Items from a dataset
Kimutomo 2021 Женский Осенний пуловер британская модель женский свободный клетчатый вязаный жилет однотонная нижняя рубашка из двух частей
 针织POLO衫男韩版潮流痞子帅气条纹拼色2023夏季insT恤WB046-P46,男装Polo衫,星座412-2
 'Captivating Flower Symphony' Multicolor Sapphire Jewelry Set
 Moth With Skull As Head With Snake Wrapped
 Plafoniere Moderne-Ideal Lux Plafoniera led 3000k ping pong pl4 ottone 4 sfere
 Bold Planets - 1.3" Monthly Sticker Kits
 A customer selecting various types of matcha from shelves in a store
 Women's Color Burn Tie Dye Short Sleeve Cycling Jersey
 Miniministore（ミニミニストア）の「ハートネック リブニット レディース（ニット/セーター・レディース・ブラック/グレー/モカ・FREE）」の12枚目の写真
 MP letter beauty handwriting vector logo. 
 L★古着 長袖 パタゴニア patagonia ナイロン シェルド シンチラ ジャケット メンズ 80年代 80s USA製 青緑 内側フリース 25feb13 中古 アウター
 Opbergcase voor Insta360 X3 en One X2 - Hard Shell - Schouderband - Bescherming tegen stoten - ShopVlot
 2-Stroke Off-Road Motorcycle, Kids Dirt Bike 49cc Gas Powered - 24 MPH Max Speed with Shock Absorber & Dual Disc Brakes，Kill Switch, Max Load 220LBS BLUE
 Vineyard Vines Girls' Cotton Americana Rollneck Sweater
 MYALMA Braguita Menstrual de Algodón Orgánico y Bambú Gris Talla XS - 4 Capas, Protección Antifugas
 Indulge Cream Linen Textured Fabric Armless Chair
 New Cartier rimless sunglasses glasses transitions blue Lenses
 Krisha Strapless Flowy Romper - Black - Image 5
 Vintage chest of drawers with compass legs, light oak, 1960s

PROBLEM DESCRIPTION
Beginning with the line that has "Sapphire Jewelry Set", set down each line through the last one above, exactly, and nothing else.

ANSWER BOX
 'Captivating Flower Symphony' Multicolor Sapphire Jewelry Set
 Moth With Skull As Head With Snake Wrapped
 Plafoniere Moderne-Ideal Lux Plafoniera led 3000k ping pong pl4 ottone 4 sfere
 Bold Planets - 1.3" Monthly Sticker Kits
 A customer selecting various types of matcha from shelves in a store
 Women's Color Burn Tie Dye Short Sleeve Cycling Jersey
 Miniministore（ミニミニストア）の「ハートネック リブニット レディース（ニット/セーター・レディース・ブラック/グレー/モカ・FREE）」の12枚目の写真
 MP letter beauty handwriting vector logo. 
 L★古着 長袖 パタゴニア patagonia ナイロン シェルド シンチラ ジャケット メンズ 80年代 80s USA製 青緑 内側フリース 25feb13 中古 アウター
 Opbergcase voor Insta360 X3 en One X2 - Hard Shell - Schouderband - Bescherming tegen stoten - ShopVlot
 2-Stroke Off-Road Motorcycle, Kids Dirt Bike 49cc Gas Powered - 24 MPH Max Speed with Shock Absorber & Dual Disc Brakes，Kill Switch, Max Load 220LBS BLUE
 Vineyard Vines Girls' Cotton Americana Rollneck Sweater
 MYALMA Braguita Menstrual de Algodón Orgánico y Bambú Gris Talla XS - 4 Capas, Protección Antifugas
 Indulge Cream Linen Textured Fabric Armless Chair
 New Cartier rimless sunglasses glasses transitions blue Lenses
 Krisha Strapless Flowy Romper - Black - Image 5
 Vintage chest of drawers with compass legs, light oak, 1960s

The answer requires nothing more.